Она бросилась звонить Игорю, который все еще не вернулся с работы.
– Игорь, ты помнишь, что у нас завтра?
– спросила она с ходу.
– Как Петька?
– не слушая ее, перебил Орлов.
– Температура 39. Только что дала жаропонижающее, он лежит, надеюсь, уснет.
– Может, пора давать антибиотик?
– тревожился Игорь.
– Ты что-нибудь делаешь?
– Делаю, - со вздохом отвечала Катя.
– Пшикаю горло люголевым спреем, очищаю от гноя. Подождем еще. Антибиотики только в крайнем случае, врач сказал.
– А температура под сорок - это не крайний случай?
– нервничал Игорь.
– Три дня ждем, а потом, если ничего не изменится, антибиотики, - терпеливо разъясняла Катя.
Она уже сомневалась, надо ли напоминать Игорю о завтрашнем событии. Он был расстроен болезнью ребенка, да и на работе какие-то проблемы. Во время разговора его несколько раз отвлекали.
– Как это нет лицензии?
– слушала Катя в трубке его ругань.
– Пусть не морочит мне голову, несет лицензию. Добудет, это его проблема.
Катя сказала:
– Ладно, все, пока.
Понятно, он не помнит. Да и надо ли удивляться, если она сама благополучно забыла об этой важной дате.
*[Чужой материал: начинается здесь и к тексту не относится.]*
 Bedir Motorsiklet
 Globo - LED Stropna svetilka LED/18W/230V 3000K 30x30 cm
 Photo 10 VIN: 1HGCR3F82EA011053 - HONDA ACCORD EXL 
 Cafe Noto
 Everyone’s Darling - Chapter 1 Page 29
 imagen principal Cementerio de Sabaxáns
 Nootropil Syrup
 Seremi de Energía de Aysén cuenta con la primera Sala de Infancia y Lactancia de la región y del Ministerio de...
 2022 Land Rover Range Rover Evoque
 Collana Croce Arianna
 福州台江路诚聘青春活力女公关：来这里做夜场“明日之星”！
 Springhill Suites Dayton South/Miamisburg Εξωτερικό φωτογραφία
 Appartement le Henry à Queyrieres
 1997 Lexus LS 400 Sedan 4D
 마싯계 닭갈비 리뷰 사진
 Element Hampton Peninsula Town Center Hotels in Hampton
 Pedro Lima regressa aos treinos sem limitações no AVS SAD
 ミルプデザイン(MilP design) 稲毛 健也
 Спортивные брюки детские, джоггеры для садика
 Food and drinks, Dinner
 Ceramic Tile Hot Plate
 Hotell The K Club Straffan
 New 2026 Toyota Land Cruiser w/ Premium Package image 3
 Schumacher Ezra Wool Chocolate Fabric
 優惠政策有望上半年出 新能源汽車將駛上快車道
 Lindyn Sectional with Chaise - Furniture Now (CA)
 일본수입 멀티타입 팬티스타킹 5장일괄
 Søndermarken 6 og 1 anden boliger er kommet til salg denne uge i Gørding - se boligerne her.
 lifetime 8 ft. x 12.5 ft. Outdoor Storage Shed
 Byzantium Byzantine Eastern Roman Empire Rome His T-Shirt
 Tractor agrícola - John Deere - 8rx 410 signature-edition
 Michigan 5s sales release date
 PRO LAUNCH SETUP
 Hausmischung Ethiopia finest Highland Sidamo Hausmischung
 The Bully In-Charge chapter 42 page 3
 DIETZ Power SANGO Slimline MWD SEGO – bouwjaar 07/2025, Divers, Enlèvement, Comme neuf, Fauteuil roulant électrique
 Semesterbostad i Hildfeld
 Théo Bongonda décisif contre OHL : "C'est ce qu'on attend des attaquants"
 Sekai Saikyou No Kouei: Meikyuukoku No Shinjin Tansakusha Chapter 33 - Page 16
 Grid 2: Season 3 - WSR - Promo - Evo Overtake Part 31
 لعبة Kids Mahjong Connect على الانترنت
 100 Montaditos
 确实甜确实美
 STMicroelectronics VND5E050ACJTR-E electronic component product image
Вспомнила тот день, когда подавали заявление в ЗАГС. Молча, сосредоточенно заполняли свою анкету. По соседству молодая пара веселилась, трудясь над бумажками. Они толкались, хихикали, задавали друг другу нелепые вопросы. Катя с завистью смотрела на них. Она спросила только:
– Фамилию твою брать?
Игорь пожал плечами:
– Как хочешь. Но, пожалуй, лучше, когда у всех в семье одна фамилия.